(Recorded data)
'''

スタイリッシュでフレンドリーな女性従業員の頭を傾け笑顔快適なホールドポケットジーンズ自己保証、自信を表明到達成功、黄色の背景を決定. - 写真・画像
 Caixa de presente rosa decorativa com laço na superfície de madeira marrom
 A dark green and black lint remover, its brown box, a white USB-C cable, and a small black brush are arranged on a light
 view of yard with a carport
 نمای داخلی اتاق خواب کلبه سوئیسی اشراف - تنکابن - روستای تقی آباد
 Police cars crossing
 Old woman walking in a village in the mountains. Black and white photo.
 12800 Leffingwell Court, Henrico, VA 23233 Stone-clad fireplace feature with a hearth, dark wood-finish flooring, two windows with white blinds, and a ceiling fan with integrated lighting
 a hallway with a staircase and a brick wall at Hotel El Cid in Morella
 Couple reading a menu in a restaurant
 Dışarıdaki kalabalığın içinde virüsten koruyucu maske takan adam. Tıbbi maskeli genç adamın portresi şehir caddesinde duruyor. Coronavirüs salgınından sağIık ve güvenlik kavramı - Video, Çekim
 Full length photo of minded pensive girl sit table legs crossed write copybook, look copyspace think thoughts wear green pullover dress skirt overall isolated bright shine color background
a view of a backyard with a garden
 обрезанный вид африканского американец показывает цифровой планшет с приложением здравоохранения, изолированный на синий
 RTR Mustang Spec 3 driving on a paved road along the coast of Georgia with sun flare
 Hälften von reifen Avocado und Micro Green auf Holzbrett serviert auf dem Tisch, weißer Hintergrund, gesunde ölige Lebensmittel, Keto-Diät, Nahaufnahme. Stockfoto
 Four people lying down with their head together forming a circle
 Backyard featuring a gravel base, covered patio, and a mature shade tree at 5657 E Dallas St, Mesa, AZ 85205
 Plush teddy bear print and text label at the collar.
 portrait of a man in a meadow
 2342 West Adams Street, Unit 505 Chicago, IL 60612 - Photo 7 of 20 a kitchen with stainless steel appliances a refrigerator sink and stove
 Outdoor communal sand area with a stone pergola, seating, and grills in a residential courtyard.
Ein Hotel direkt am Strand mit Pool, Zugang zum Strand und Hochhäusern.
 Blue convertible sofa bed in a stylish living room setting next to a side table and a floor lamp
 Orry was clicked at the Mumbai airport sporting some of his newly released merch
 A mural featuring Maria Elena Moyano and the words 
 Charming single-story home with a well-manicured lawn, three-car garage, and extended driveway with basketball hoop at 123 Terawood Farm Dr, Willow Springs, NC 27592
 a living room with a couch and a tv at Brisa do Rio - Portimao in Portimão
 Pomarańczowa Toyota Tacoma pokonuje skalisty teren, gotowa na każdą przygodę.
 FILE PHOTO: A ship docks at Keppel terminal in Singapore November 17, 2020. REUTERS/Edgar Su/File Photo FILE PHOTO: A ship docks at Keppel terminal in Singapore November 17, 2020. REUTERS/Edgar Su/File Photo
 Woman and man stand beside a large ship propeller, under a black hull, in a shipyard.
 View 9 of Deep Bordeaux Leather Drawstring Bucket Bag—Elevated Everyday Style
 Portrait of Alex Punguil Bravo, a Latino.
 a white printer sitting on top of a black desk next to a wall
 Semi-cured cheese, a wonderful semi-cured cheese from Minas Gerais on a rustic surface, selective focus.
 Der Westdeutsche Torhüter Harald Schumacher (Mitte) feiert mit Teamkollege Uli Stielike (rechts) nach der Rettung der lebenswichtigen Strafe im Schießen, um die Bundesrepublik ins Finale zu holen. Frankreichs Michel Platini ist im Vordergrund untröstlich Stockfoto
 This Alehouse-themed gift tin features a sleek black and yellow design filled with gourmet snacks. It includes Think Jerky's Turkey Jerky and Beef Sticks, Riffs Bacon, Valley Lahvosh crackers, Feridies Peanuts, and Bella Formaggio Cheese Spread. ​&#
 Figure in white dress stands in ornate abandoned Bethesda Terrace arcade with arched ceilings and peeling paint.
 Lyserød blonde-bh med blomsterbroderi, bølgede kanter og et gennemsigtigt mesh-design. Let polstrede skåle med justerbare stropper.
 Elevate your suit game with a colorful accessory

'''

Within the data above, the lines from the one with "Charming single-story home" to the one with "Der Westdeutsche Torhüter" must be repeated exactly; no other line belongs in the answer.

 Charming single-story home with a well-manicured lawn, three-car garage, and extended driveway with basketball hoop at 123 Terawood Farm Dr, Willow Springs, NC 27592
 a living room with a couch and a tv at Brisa do Rio - Portimao in Portimão
 Pomarańczowa Toyota Tacoma pokonuje skalisty teren, gotowa na każdą przygodę.
 FILE PHOTO: A ship docks at Keppel terminal in Singapore November 17, 2020. REUTERS/Edgar Su/File Photo FILE PHOTO: A ship docks at Keppel terminal in Singapore November 17, 2020. REUTERS/Edgar Su/File Photo
 Woman and man stand beside a large ship propeller, under a black hull, in a shipyard.
 View 9 of Deep Bordeaux Leather Drawstring Bucket Bag—Elevated Everyday Style
 Portrait of Alex Punguil Bravo, a Latino.
 a white printer sitting on top of a black desk next to a wall
 Semi-cured cheese, a wonderful semi-cured cheese from Minas Gerais on a rustic surface, selective focus.
 Der Westdeutsche Torhüter Harald Schumacher (Mitte) feiert mit Teamkollege Uli Stielike (rechts) nach der Rettung der lebenswichtigen Strafe im Schießen, um die Bundesrepublik ins Finale zu holen. Frankreichs Michel Platini ist im Vordergrund untröstlich Stockfoto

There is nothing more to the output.